--- Exercise data Enclosed Below ---

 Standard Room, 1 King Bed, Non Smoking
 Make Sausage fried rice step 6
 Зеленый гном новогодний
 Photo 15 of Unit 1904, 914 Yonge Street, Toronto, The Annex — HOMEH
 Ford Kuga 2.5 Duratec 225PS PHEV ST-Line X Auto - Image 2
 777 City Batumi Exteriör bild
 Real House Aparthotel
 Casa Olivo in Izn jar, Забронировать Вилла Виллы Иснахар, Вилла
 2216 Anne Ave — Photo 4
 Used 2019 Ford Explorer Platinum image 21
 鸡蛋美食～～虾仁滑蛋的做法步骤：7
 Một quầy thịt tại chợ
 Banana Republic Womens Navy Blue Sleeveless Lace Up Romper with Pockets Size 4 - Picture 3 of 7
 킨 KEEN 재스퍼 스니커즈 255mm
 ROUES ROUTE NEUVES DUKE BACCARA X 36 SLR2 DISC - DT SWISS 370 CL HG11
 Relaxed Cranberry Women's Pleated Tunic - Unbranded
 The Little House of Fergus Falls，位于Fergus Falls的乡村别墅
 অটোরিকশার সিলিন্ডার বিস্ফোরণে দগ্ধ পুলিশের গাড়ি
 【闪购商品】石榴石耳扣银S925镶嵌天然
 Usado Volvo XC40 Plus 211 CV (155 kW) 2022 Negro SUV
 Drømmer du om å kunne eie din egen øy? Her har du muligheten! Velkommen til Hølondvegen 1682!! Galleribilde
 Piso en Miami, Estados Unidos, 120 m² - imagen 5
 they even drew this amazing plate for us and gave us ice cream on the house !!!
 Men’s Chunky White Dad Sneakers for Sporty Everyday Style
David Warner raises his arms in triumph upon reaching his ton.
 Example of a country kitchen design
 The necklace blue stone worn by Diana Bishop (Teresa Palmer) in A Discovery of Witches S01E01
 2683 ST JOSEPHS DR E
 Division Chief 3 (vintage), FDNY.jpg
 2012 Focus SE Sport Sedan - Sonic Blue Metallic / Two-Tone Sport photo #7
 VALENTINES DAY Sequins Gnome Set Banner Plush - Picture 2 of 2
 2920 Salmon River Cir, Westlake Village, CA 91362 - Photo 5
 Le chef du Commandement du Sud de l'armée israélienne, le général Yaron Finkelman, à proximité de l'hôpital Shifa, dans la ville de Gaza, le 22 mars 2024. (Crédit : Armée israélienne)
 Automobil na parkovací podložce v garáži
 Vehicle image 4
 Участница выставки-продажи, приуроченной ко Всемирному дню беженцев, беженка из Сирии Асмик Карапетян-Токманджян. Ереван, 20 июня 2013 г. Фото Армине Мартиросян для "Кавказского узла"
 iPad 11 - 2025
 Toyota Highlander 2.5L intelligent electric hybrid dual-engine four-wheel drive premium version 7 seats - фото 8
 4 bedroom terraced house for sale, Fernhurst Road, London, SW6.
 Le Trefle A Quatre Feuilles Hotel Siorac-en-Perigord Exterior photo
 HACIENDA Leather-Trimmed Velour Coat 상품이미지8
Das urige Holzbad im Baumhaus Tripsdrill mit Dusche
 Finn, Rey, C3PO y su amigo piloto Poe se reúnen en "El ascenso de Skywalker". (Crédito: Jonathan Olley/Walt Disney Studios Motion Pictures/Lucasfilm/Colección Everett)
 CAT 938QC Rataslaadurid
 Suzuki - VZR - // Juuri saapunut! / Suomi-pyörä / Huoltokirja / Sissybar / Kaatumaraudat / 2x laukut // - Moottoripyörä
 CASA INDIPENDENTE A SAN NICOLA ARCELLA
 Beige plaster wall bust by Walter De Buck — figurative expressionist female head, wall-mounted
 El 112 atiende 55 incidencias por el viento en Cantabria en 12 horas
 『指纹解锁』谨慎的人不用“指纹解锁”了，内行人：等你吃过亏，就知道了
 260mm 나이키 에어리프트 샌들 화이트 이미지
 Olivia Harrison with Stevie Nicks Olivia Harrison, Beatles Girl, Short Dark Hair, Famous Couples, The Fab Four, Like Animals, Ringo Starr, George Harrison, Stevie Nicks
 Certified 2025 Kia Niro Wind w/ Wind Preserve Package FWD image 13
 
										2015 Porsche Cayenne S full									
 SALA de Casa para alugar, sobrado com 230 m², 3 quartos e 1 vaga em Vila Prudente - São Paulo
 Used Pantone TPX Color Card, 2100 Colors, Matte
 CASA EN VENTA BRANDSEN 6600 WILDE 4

--- End of Enclosed Exercise data ---

Task objective:
What is needed is a word-for-word restatement of every line from the one with "CAT 938QC Rataslaadurid" to the end of the entries above.

Written answer:
 CAT 938QC Rataslaadurid
 Suzuki - VZR - // Juuri saapunut! / Suomi-pyörä / Huoltokirja / Sissybar / Kaatumaraudat / 2x laukut // - Moottoripyörä
 CASA INDIPENDENTE A SAN NICOLA ARCELLA
 Beige plaster wall bust by Walter De Buck — figurative expressionist female head, wall-mounted
 El 112 atiende 55 incidencias por el viento en Cantabria en 12 horas
 『指纹解锁』谨慎的人不用“指纹解锁”了，内行人：等你吃过亏，就知道了
 260mm 나이키 에어리프트 샌들 화이트 이미지
 Olivia Harrison with Stevie Nicks Olivia Harrison, Beatles Girl, Short Dark Hair, Famous Couples, The Fab Four, Like Animals, Ringo Starr, George Harrison, Stevie Nicks
 Certified 2025 Kia Niro Wind w/ Wind Preserve Package FWD image 13
 
										2015 Porsche Cayenne S full									
 SALA de Casa para alugar, sobrado com 230 m², 3 quartos e 1 vaga em Vila Prudente - São Paulo
 Used Pantone TPX Color Card, 2100 Colors, Matte
 CASA EN VENTA BRANDSEN 6600 WILDE 4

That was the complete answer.